Monday, August 22, 2011

Summer Challenge Week Six: Postcards

Challenge #6: Postcards. Whether you are traveling abroad, to the museum in the next town over, or just feel like adding an element of the exotic to your daily routine, writing a postcard to someone (even yourself) is a great way to capture your thoughts, document the moment, and connect.

With this as your touchpoint, this week take the time to write and send a postcard to someone (or yourself). If you are traveling this week, take the time to pick up some postcards as souvenirs and send them to a friend back home, or use them as a posted travel journal. Writing and sending a postcard from a local museum or attraction can make the difference between day trip and memorable adventure.

Postcards are also a great way to document artist dates, and I encourage you to send a postcard to yourself sharing what you did—through words, a sketch or even an idea. If being a homebody is in the weekly plans, use a postcard you have on hand and send it to someone who you have been thinking about (it will make their day). Whatever you choose to do, make sure to record in your sketchbook any inspiration, ideas, illustrations, or thoughts—then share here on The Paper Compass.

If summer was a piece of stationery it would be a postcard.

Short and sweet, rich with vivid imagery and a snapshot of vibrant thoughts, the postcard in all its casual practicality is the embodiment of summer. Filled with sentiments such as wish you were here, thinking of you, or the itinerary of travel, the postcard is a perfect vehicle for capturing and sharing your thoughts within a specific moment, whether mundane or memorable.

One of the things that I like best about postcards is that while letters have an illustrious history, the postcard has a slightly checkered past. It is believed that in 1840, the first postcard was sent by British writer and infamous rake Theodore Hook. Addressed to himself, from himself, and containing a caricature of workers at the post office, it is believed to be a practical joke on the postal service. As Hook was also known for the Berners Street Hoax, this sounds completely feasible.

Postcards as a popular form of souvenirs or for sending short messages began to catch on in Europe in the 1870s. By the late 1880s and early 1890s, images of the newly built Eiffel Tower at the World’s Fair and the exhibits at the World’s Columbian Exposition in Chicago, would ushered in what is known as the Golden Age of Picture Postcards.

While the postcard is most closely associated with souvenir images of tourist and architectural attractions, any illustration—from flowers to advertisements—could (and did) grace the front.
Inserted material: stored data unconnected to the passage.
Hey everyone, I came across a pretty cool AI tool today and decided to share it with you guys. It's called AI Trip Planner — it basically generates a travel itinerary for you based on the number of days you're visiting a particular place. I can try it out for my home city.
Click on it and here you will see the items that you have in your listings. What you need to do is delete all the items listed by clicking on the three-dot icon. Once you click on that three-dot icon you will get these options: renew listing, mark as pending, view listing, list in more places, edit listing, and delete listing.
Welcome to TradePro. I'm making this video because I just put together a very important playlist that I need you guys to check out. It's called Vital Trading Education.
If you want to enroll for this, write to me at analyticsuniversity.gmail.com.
By the 1930s, the “saucy postcard” was in its heyday with cartoon illustrations of bawdy imagery, and the use of text filled with innuendos, double entendres and bawdy images.
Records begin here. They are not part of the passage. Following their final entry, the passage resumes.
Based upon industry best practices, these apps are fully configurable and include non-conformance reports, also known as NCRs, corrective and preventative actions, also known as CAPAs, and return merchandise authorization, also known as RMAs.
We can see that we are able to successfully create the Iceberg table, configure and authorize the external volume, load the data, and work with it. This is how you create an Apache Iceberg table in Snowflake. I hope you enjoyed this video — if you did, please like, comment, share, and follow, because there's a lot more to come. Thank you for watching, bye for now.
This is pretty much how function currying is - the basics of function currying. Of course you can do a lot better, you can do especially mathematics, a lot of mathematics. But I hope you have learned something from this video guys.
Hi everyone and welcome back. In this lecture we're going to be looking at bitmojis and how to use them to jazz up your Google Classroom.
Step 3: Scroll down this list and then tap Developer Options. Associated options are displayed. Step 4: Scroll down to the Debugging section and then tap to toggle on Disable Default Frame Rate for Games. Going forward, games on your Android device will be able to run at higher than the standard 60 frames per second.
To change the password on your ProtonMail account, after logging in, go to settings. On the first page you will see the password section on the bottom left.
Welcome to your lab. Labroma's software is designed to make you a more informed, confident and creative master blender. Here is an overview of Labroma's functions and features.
Postcards to this day remain an important part of the souvenir industry, but more importantly, they have come to embody the mythos of a person abroad, exploring, looking for themselves through the experience of new places. For author and prize-winning journalist Alice Steinbach, postcards became a key element of recapturing the narrative of her life as she traveled through England, France and Italy on a journey of personal discovery and reconnection. These postcards, sent to herself, make up the backbone of her book Without Reservations: The Travels of an Independent Woman. In the well-known PostSecret project, the mythos and public nature of the postcard is taken one step further to anonymous confessions that connect us with others and the complexity of our own humanity.

All of this is inspiration for the sixth summer challenge: postcards. Whether you are traveling abroad, to the museum in the next town over, or just feel like adding an element of the exotic to your daily routine, writing a postcard to someone (even yourself) is a great way to capture your thoughts, document the moment, and connect (or reconnect).
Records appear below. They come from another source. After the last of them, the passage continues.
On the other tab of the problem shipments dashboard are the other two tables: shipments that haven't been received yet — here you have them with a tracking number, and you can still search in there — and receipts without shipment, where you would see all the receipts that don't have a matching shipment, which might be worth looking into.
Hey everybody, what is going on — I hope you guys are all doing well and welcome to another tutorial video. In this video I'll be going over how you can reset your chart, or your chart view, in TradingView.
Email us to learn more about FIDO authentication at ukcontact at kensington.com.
With this as your touchpoint, this week take the time to write and send a postcard to someone (or yourself). If you are traveling this week, take the time to pick up some postcards as souvenirs and send them to a friend back home, or use them as a posted travel journal. Writing and sending a postcard from a local museum or attraction can make the difference between day trip and memorable adventure.

Postcards are also a great way to document artist dates, and I encourage you to send a postcard to yourself sharing what you did—through words, a sketch or even an idea. If being a homebody is in the weekly plans, use a postcard you have on hand and send it to someone who you have been thinking about (it will make their day). Whatever you choose to do, make sure to record in your sketchbook any inspiration, ideas, illustrations, or thoughts—then share here on The Paper Compass.